Geodesic triangulations of a polygon

An embedded n-sided polygon \(\Omega \) in the plane is determined by a map \(\phi \) from the set \(V_B=\{v_1,v_2,\ldots ,v_n,v_{n+1}=v_1\}\) to \({\mathbb {R}}^2\), and line segments connecting the images under \(\phi \) of two consecutive vertices in \(V_B\). We assume in the rest of this paper that \(T = (V, E, F)\) is a triangulation of \(\Omega \) with vertices V, edges E, and faces F such that \(V = V_I\cup V_B\), where \(V_I\) is the set of interior vertices and \(V_B\) is the set of boundary vertices (Fig. 1).

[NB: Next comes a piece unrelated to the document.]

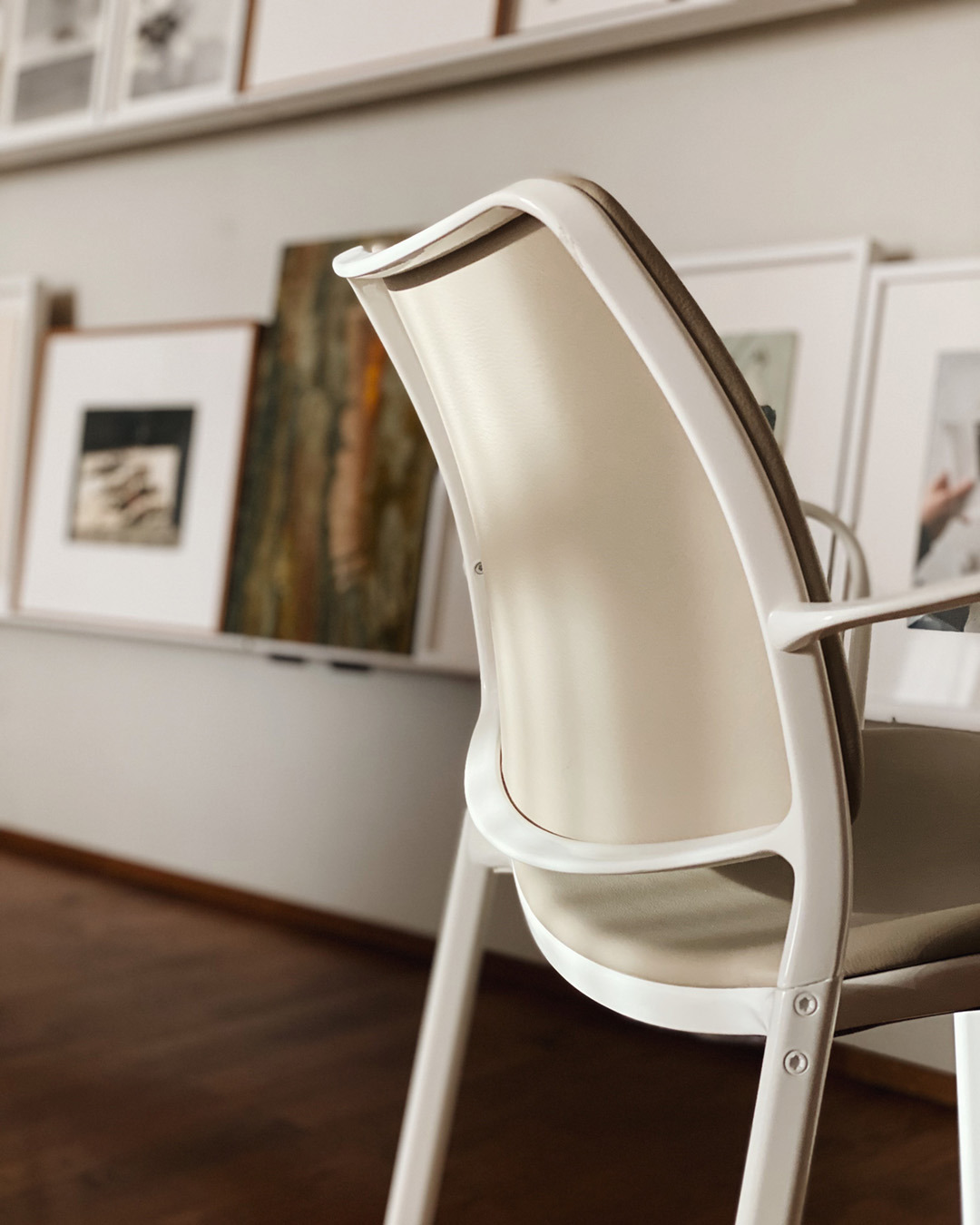 Archillect ID 403802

A geodesic triangulation with combinatorial type T of \(\Omega \) is an embedding \(\psi \) of the 1-skeleton of T in the plane such that \(\psi \) agrees with \(\phi \) on \(V_B\), and \(\psi \) maps every edge in E to a line segment parametrized by arc length. The set of these maps is called the space of geodesic triangulations on \(\Omega \) with combinatorial type T, and is denoted by \(X(\Omega ,T)\). Each geodesic triangulation is uniquely determined by the positions of the interior vertices in \(V_I\), so the topology of \(X(\Omega , T)\) is induced by \(\Omega ^{|V_I|}\subset {\mathbb {R}}^{2|V_I|}\). The main result of this paper is

Theorem 1.1

For any integer \(n>0\), there exists a planar polygon \(\Omega \) with a triangulation T of \(\Omega \) such that the space \(X(\Omega , T)\) of geodesic triangulations with combinatorial type T of \(\Omega \) has non-trivial n-th homotopy group.

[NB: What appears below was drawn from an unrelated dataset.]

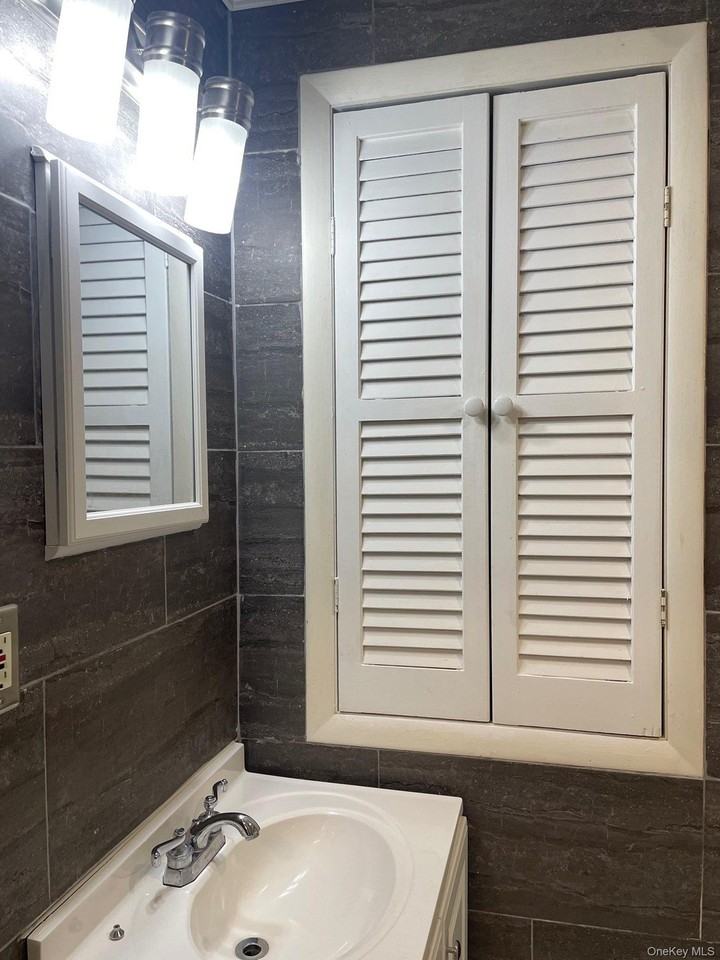 2 Rocco Dr - Photo 7 of 10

Notice that \(X(\Omega , T)\) could be empty if the boundary is complicated. For instance, if the polygon is not star-shaped, then there is no geodesic triangulation with only one interior vertex.

Ho [19] showed that the space \(X(\Omega , T)\) is equivalent to the space \(L(\Omega , T)\) of simplexwise linear homeomorphisms of \(\Omega \) with triangulation T. The homotopy type of the space \(L(\Omega , T)\) has been studied in [4, 5, 7, 19], because it is closely related to the problem of existence and uniqueness of differentiable structures on triangulated manifolds. In addition, the path-connectedness of \(L(\Omega ,T)\) has implications to graph morphing problems in computational geometry [10, 16, 23, 24].

Cairns [6, 7] initiated an investigation of the topology of the space of geodesic triangulations of a geometric triangle in the Euclidean plane and the round 2-sphere.

Theorem 1.2

(Cairns [7])   If \(\Omega \) is a geometric triangle with a triangulation T in the plane, then \(X(\Omega , T)\) is path-connected.

Ho then proved that this space is simply-connected.

Theorem 1.3

(Ho [19])   If \(\Omega \) is a geometric triangle with a triangulation T in the plane, then \(X(\Omega , T)\) is simply-connected.

Bloch et al. [5] extended these results to general convex polygons and further proved the contractibility of the space of simplexwise linear homeomorphisms of a convex polygon. In a recent paper, Cerf [8] improved the original argument from [5].

Theorem 1.4

(Bloch et al. [5])   If \(\Omega \) is a convex polygon with a triangulation T in the plane, then \(X(\Omega , T)\) is homeomorphic to \({\mathbb {R}}^{2|V_I|}\).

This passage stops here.